Лапки снова пришли в движение. Я огляделась, словно бы высматривая недруга, которому он силился сопротивляться. Выглянула наружу. Что там за это время произошло? Предположительно, наступил полдень, и полевые работы прервались. Былое оживление сменились неподвижностью и тишью. Птицы снялись с места, чтобы покормиться у ручьев. Лошади замерли. Но сила всё равно оставалась там, скопившаяся снаружи, безразличная, безличная, не заботящаяся о чем-либо конкретном. Она отчего-то настроена против этого маленького мотылька сенной расцветки. Бесполезно даже пытаться что-то сделать. Тебе остается только наблюдать за экстраординарными усилиями этих крохотных лапок, противостоящих року, который, если вздумает, может захлестнуть целый город, не только город, а неоглядные людские массы; ничто на свете, знала я, не имеет шансов в поединке со смертью. Тем не менее после перерыва, вызванного изнеможением, лапки снова затрепыхались. Он был великолепен, этот последний протест, такой отчаянный, что в конце концов мотыльку удалось перевернуться. Конечно, в таких случаях все твои симпатии – на стороне жизни. А еще, когда нет никого, кого бы это волновало, нет никого, кто об этом знал бы, столь циклопические усилия ничтожного маленького мотылька при сопротивлении силе такого размаха, усилие сохранить то, что больше никто на свете не ценит и не желает уберечь, странным образом тебя трогают. И вновь почему-то видишь жизнь – чистую бусинку жизни. Я снова протянула карандаш, хоть и знала, что всё бесполезно. Но, едва я это сделала, проявились несомненные признаки смерти. Тело расслабилось и в следующий миг закостенело. Борьбе конец. Теперь ничтожное маленькое создание познало смерть. Когда я смотрела на мертвого мотылька, этот мелкий, одержанный по пути к великим целям триумф столь огромной силы над столь слабым противником всколыхнул во мне изумление. Если несколькими минутами раньше ощущалась странность жизни, то теперь, не меньше, странность смерти. Мотылек, сумевший перевернуться, теперь лежал, обряженный, с самым благопристойным и безропотным видом. О да, словно бы говорил он, смерть сильнее меня.

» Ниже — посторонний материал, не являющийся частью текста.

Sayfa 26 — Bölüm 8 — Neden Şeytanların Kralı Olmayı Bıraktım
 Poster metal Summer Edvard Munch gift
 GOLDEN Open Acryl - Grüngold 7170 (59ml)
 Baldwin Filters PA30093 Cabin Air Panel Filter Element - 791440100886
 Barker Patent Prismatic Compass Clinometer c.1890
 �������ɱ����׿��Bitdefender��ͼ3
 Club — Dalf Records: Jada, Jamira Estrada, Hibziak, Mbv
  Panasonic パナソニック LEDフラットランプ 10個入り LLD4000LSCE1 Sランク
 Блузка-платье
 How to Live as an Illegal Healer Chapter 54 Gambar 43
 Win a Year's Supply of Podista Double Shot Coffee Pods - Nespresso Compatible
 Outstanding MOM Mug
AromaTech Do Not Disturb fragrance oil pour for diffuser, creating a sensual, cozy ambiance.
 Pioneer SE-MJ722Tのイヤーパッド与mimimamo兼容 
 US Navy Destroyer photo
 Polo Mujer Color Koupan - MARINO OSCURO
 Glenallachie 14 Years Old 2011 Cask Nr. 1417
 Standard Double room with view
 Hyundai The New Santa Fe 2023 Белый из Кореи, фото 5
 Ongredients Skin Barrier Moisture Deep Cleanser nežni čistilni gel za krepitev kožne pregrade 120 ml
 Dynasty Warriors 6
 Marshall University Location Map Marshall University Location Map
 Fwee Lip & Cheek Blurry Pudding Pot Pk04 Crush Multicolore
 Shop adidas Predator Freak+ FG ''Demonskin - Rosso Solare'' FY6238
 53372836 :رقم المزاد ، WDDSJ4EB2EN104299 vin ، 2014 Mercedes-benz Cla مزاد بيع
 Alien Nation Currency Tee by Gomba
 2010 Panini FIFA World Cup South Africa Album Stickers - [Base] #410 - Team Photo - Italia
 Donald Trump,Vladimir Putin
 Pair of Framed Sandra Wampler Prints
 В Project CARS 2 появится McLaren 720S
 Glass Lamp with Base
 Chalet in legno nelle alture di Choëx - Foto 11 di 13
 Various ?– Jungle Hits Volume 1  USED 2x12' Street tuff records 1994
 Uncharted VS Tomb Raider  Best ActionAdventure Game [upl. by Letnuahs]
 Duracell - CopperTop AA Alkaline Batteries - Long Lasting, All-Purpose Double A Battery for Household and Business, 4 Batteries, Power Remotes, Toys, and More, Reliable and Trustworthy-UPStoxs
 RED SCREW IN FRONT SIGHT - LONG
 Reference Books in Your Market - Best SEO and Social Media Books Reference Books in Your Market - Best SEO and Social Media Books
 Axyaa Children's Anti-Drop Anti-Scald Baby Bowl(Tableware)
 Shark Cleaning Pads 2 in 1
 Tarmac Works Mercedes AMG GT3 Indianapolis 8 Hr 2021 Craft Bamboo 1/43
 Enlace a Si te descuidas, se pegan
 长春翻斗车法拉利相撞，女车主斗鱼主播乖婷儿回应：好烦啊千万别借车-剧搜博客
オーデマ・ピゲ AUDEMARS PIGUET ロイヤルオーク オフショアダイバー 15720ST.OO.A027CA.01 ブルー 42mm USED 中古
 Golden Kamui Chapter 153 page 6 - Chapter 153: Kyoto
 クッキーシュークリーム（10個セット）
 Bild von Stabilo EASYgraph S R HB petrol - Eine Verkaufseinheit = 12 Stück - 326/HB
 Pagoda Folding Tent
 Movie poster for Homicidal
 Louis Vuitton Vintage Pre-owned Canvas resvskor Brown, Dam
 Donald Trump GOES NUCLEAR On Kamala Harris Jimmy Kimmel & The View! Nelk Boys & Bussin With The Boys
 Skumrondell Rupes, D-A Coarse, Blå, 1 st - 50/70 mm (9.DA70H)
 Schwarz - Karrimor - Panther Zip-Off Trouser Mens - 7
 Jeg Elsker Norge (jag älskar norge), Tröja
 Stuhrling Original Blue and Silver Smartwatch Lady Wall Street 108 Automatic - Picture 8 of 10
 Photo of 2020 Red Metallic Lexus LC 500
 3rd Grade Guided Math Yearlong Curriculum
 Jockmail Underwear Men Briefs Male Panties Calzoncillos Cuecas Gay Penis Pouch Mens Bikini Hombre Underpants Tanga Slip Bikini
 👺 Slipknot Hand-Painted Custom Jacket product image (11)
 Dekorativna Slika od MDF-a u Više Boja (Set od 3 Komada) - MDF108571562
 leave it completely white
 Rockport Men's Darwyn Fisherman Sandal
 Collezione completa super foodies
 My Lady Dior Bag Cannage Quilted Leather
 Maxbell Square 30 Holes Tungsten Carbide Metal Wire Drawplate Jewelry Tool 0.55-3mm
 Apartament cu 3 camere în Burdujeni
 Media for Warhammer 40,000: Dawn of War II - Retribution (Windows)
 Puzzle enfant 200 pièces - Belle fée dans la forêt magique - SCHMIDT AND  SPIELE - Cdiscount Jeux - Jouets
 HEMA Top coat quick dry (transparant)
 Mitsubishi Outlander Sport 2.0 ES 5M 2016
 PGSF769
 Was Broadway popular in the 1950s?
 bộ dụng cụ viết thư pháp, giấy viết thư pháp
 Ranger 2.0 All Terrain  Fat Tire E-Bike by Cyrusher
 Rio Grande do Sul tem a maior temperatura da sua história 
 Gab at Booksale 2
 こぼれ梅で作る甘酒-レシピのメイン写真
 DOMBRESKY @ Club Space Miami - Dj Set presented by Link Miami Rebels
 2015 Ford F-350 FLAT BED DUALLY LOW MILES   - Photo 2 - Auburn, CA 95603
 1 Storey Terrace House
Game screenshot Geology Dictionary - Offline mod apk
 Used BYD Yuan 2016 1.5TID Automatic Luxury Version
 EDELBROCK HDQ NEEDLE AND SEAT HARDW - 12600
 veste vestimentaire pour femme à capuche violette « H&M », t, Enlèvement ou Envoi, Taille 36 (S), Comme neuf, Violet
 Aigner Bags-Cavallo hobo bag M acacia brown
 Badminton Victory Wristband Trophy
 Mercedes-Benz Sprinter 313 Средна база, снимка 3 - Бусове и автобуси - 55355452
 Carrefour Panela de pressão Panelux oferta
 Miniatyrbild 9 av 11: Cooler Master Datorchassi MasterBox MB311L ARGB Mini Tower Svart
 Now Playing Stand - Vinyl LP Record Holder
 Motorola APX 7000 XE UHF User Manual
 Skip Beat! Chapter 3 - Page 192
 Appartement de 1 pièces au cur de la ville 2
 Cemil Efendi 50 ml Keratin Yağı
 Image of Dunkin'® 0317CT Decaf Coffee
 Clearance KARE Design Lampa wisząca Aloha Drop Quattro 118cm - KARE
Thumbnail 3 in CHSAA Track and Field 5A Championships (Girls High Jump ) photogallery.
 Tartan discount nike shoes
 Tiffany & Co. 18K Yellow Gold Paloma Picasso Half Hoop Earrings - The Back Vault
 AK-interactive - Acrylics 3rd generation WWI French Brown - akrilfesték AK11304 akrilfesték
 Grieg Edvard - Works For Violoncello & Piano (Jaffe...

«Наружная» речь Вирджинии Вулф. Вместо послесловия
Все эссе, представленные в этом издании, впервые получили книжную публикацию уже post mortem, в сборниках, подготовленных Леонардом Вулфом: «Смерть мотылька» (1942), «Мгновение» (1947) и «Смертное ложе капитана» (1950). Вместе с четвертым томом, «Гранит и радуга» (1958), они составляют основной корпус короткой внелитературной публицистики Вирджинии Вулф (литературную критику она выпустила в двух томах «Обыкновенного читателя», 1925 и 1932 годов). Более полный архив эссе Вулф издавался уже в 1980-х, на волне ее новой популярности.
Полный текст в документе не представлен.